→ **ASSIGNMENT**
Each line from the one with "Shop Valentino Rockstud" through the end of the records below should be transcribed exactly, and each picture should be skipped.

*** INFORMATION ***

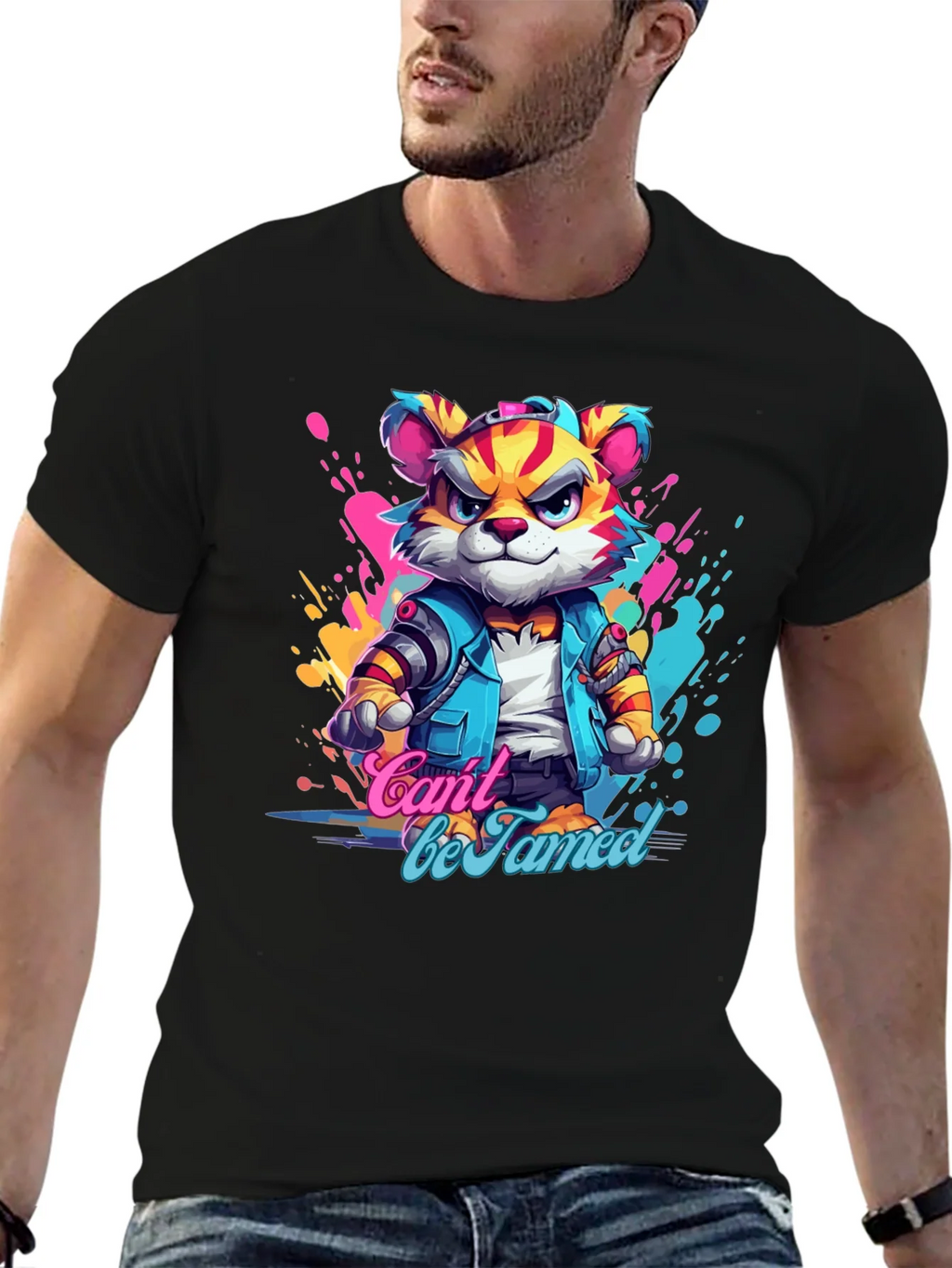 Cool Cant Be Tamed Tiger Graphic Black T-Shirt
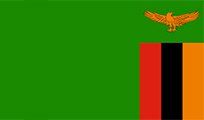 Flag of Zambia: Green field with a vertical tricolor of red, black, and orange on the fly side and an orange eagle in flight in the upper fly.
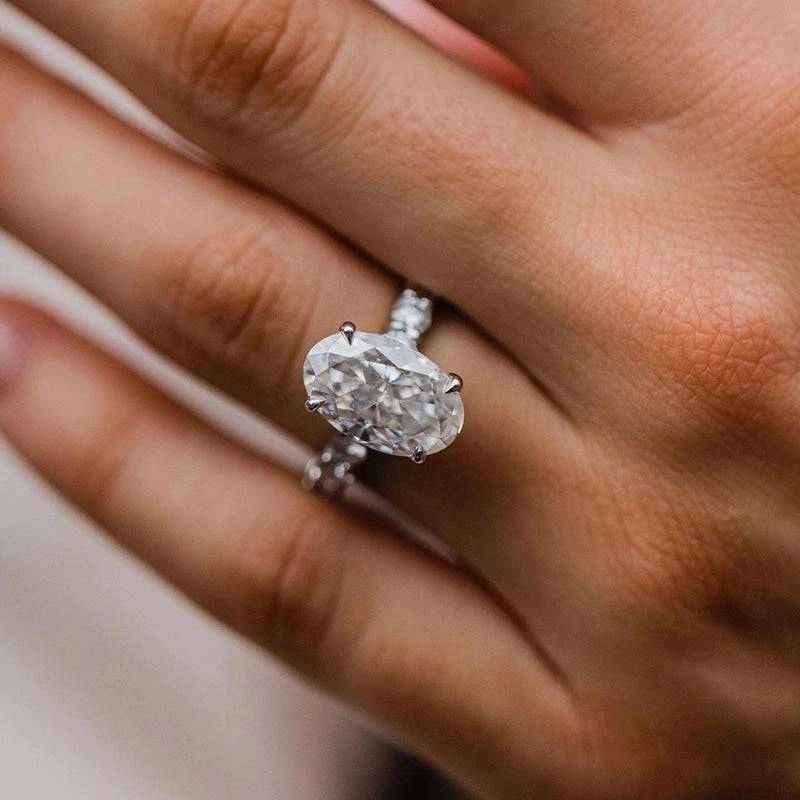 Louily Stunning Oval Cut Engagement Ring In Sterling Silver Sophisticated Design Eternal Classic
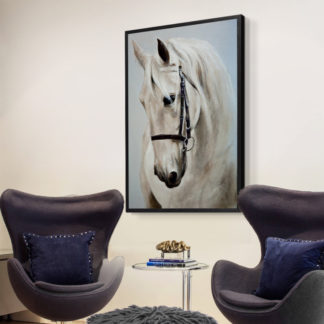 Tranh ngựa trắng in canvas khung gỗ sồi 60x90 - 149221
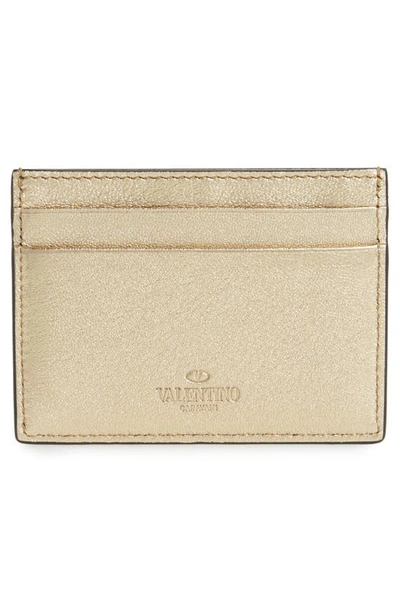 Shop Valentino Rockstud Leather Card Case In Mekong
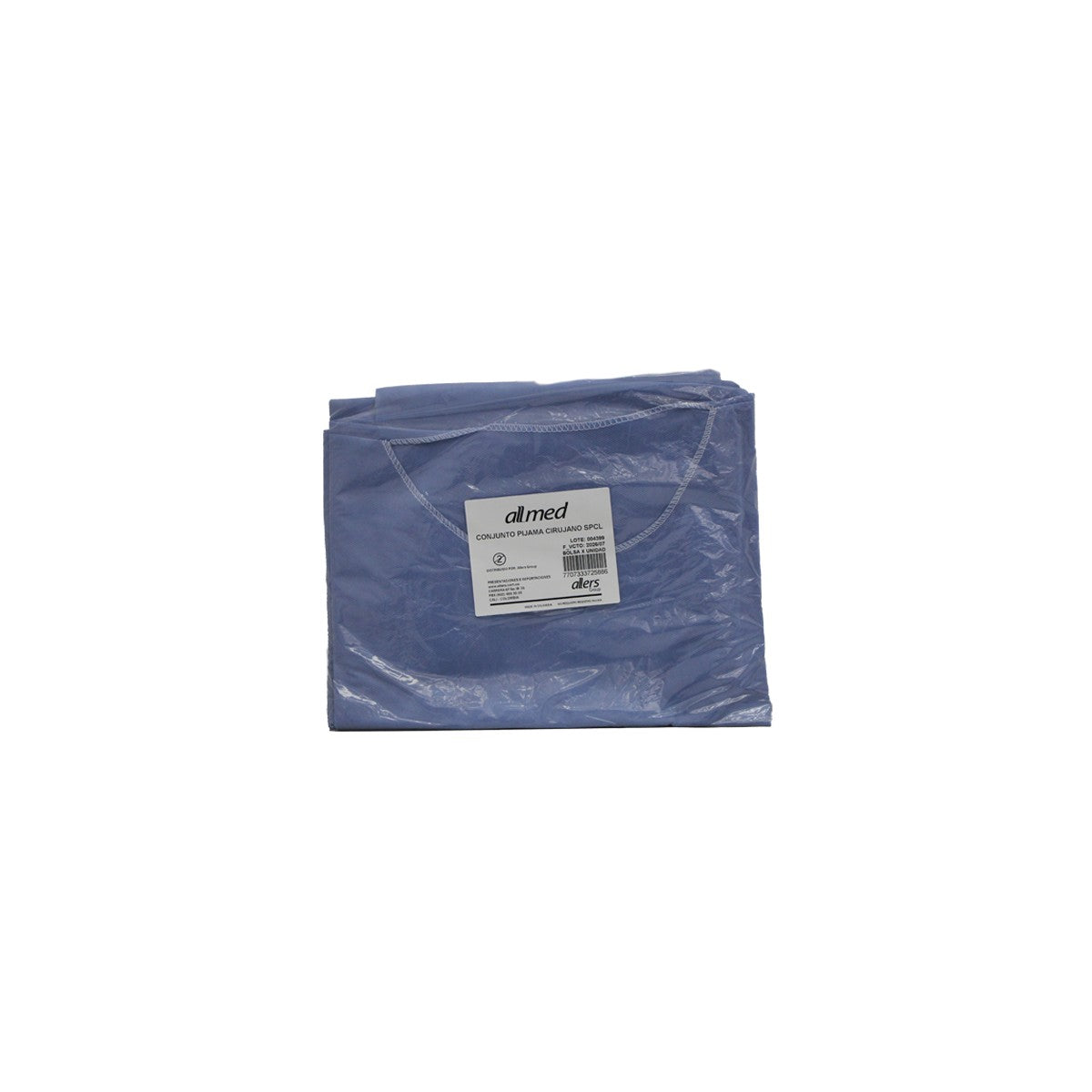 Pijama desechable de polipropileno, color blanco, con pantalón de 1.13 m de largo y blusa de 74 cm de largo, fabricada por ALLMED.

*** End of INFORMATION ***

→ **WRITTEN ANSWER**
 Shop Valentino Rockstud Leather Card Case In Mekong
 Pijama desechable de polipropileno, color blanco, con pantalón de 1.13 m de largo y blusa de 74 cm de largo, fabricada por ALLMED.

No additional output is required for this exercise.